» **TASK**
Print, in exact form, the lines below from the one containing "Regrowth Hair Oil 30ml" through the one containing "Structure of 26964-24-9 | 6-Methoxyflavone", and omit all others.

(Items from a data source)
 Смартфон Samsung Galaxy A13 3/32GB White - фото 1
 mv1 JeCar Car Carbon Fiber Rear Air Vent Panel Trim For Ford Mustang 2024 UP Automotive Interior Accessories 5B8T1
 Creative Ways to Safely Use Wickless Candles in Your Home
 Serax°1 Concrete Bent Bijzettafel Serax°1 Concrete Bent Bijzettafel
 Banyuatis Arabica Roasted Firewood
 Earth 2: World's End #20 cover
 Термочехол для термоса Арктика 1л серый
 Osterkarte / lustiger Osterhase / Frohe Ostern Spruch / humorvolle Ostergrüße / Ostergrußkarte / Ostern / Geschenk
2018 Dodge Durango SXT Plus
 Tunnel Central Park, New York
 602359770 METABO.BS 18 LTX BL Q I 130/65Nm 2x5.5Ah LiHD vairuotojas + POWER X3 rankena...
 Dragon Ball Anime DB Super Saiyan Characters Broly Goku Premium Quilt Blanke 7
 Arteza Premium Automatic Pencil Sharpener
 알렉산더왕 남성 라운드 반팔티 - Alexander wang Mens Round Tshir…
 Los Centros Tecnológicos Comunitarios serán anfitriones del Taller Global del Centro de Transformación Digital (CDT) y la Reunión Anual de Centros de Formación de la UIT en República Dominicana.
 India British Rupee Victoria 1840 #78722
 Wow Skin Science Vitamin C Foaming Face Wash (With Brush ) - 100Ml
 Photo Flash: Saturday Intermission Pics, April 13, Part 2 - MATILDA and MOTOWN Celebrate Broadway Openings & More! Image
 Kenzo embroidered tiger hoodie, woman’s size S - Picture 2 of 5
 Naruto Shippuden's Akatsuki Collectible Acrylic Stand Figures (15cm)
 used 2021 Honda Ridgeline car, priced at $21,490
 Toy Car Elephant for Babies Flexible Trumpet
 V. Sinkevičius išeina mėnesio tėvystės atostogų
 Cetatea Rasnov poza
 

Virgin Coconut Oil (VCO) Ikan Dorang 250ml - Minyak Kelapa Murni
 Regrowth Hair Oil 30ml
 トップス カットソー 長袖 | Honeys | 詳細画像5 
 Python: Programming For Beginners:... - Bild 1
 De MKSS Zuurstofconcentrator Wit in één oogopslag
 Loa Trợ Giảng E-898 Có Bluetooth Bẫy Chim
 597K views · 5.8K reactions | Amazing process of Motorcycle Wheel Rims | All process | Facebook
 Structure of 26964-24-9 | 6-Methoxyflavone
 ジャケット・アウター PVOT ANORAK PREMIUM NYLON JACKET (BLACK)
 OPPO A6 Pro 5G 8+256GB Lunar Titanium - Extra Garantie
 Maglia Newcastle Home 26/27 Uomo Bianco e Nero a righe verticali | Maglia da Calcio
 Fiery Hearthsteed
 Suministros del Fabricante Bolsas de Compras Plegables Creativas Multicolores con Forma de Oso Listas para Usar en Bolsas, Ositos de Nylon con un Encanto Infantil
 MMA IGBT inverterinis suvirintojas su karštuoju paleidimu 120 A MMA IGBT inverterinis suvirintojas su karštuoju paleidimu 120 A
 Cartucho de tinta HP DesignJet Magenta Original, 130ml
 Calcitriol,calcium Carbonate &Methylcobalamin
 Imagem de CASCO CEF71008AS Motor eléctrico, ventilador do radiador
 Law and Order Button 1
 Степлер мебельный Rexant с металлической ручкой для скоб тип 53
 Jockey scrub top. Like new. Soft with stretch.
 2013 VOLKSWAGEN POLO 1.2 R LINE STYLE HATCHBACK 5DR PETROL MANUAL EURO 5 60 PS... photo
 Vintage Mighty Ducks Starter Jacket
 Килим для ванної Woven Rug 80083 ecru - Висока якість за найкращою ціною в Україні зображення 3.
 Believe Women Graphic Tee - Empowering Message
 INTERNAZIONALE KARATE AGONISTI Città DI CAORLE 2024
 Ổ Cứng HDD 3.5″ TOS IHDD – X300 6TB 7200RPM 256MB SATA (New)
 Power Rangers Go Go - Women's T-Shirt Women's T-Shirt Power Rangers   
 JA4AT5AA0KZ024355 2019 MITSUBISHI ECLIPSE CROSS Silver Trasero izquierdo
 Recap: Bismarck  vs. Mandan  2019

» **OUTPUT FOR THIS EXERCISE**
 Regrowth Hair Oil 30ml
 トップス カットソー 長袖 | Honeys | 詳細画像5 
 Python: Programming For Beginners:... - Bild 1
 De MKSS Zuurstofconcentrator Wit in één oogopslag
 Loa Trợ Giảng E-898 Có Bluetooth Bẫy Chim
 597K views · 5.8K reactions | Amazing process of Motorcycle Wheel Rims | All process | Facebook
 Structure of 26964-24-9 | 6-Methoxyflavone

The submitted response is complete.